Ehrlich: Ich wollte heute nicht schon wieder was politisches schreiben, aber gerade lese ich, daß die EU-Agrarsubventionen für den Tabakanbau im nächsten Jahr auslaufen sollen. Das könnte das Ende für den Tabakanbau in Brandenburg bedeuten, also in einer Gegend, wo der originär subtropische Tabak nun einmal nicht so heimisch ist, daß es ihm einfallen würde, subventionslos besondere Wachstumsanstrengungen zu unternehmen. Mein Mitleid mit den Tabakbauern hält sich freilich in Grenzen. Wer vom Elend anderer Menschen lebt, sollte sich durchaus nach einem anderen Broterwerb umsehen — da kann auch die Strukturschwäche der Region nicht viel entschuldigen.

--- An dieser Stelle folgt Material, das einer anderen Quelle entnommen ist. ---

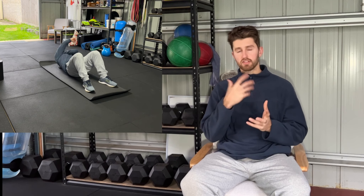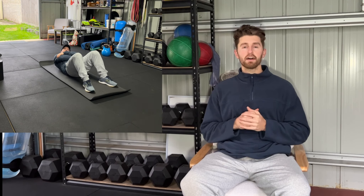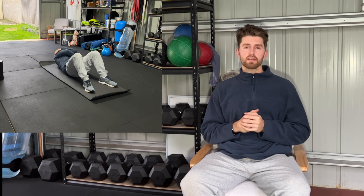Section one is going to be your feel-good work. This is going to entail your SMR — your self-myofascial release — your rolling out, and some mobility work. This SMR and mobility work is going to help identify any tight, sore, or niggly areas you might have, loosen them up, and get you feeling good in the lead up to your performance.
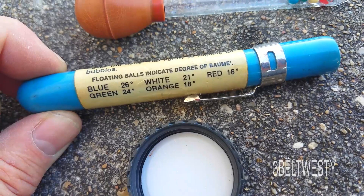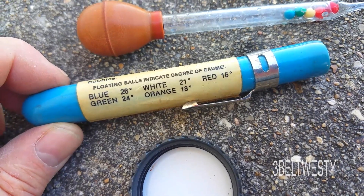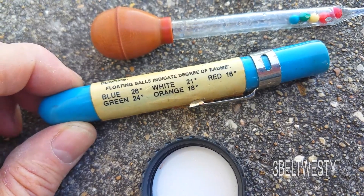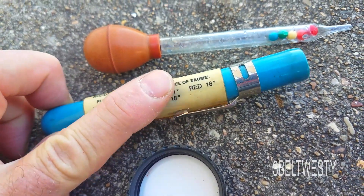This hydrometer is used to measure degrees Balmé. When it's a brand new bottle for industrial cleaning, it will be 26 Balmé. As the ammonia comes out of solution, it drops: two balls floating is green, three balls is 21, four balls is 18, and five balls is 16.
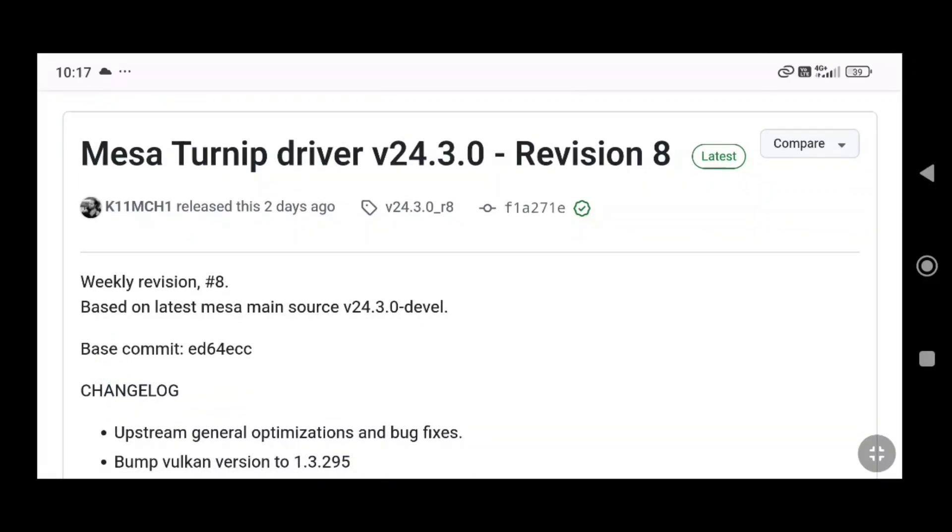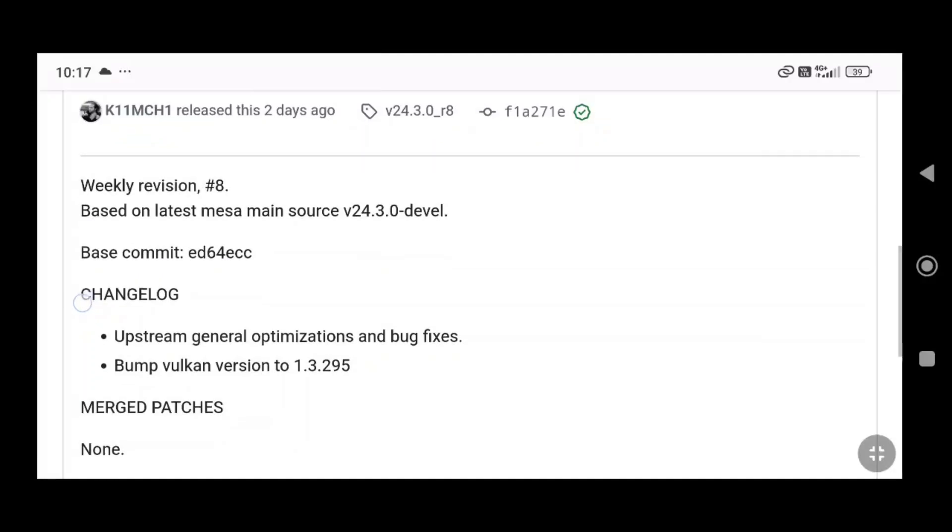So friends, we have released two turnip drivers for wheel later and our Dolphin, Citra, UZU, UZX.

650.000 Europäer sterben Jahr für Jahr an den Folgen des Rauchens, 13 Millionen leiden an Krankheiten, die auf das Rauchen zurückgehen. Halt. Nicht weiterlesen. Erst einmal versuchen, sich diese Zahlen vorzustellen: Wenn in einem Jahr eine Atombombe auf eine europäische Stadt wie Essen fiele und im nächsten Jahr eine auf Frankfurt/Main und im nächsten Jahr auf Breslau (Wrocław) und im nächsten Jahr auf Saragossa und im nächsten Jahr auf Bordeaux und im nächsten Jahr auf Skopje und im nächsten Jahr auf Tirana und im Jahr darauf auf Düsseldorf und im Folgejahr die ganze Republik Transnistrien und ein Jahr später die Insel Mallorca auslöschte, und wenn das immer so weiterginge — dann hätten wir annähernd die gleichen Opferzahlen wie beim Rauchen, aber auch nur dann, wenn genannte Städte wirklich vollständig ausgerottet würden. Und diese Tabakopfer sind beileibe nicht alles selbst Raucher. Gerade ist eine Studie vorgestellt worden, die beschreibt, daß Kinder, die Passivrauch ausgesetzt sind, ein signifikant höheres Risiko haben, an Herz-Kreislauf-Krankheiten zu erkranken und zum Beispiel später einem Herzinfarkt zu erliegen.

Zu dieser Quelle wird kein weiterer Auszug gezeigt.